Task description - Of the entries below, return only those lines from the line with "CHAQUETA MOTERA IMITACIÓN" to the line with "Sweat-shirt zippé capuche", exactly, both included.

Source data -
# # # # #

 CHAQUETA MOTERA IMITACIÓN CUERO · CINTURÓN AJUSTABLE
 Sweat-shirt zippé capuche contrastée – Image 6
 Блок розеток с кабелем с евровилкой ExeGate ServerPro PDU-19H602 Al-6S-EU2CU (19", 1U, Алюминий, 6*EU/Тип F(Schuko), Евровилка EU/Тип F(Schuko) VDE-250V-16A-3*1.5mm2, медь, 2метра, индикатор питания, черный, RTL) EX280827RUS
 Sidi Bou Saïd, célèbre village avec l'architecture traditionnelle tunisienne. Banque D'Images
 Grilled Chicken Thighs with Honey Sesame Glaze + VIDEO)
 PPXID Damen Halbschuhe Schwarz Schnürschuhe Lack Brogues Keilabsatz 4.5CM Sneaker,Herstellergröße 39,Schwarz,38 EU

# # # # #

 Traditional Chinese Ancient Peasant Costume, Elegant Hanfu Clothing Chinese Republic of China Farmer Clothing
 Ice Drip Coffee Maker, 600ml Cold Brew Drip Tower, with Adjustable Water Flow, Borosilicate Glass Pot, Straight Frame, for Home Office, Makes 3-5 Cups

# # # # #

Written answer -
 CHAQUETA MOTERA IMITACIÓN CUERO · CINTURÓN AJUSTABLE
 Sweat-shirt zippé capuche contrastée – Image 6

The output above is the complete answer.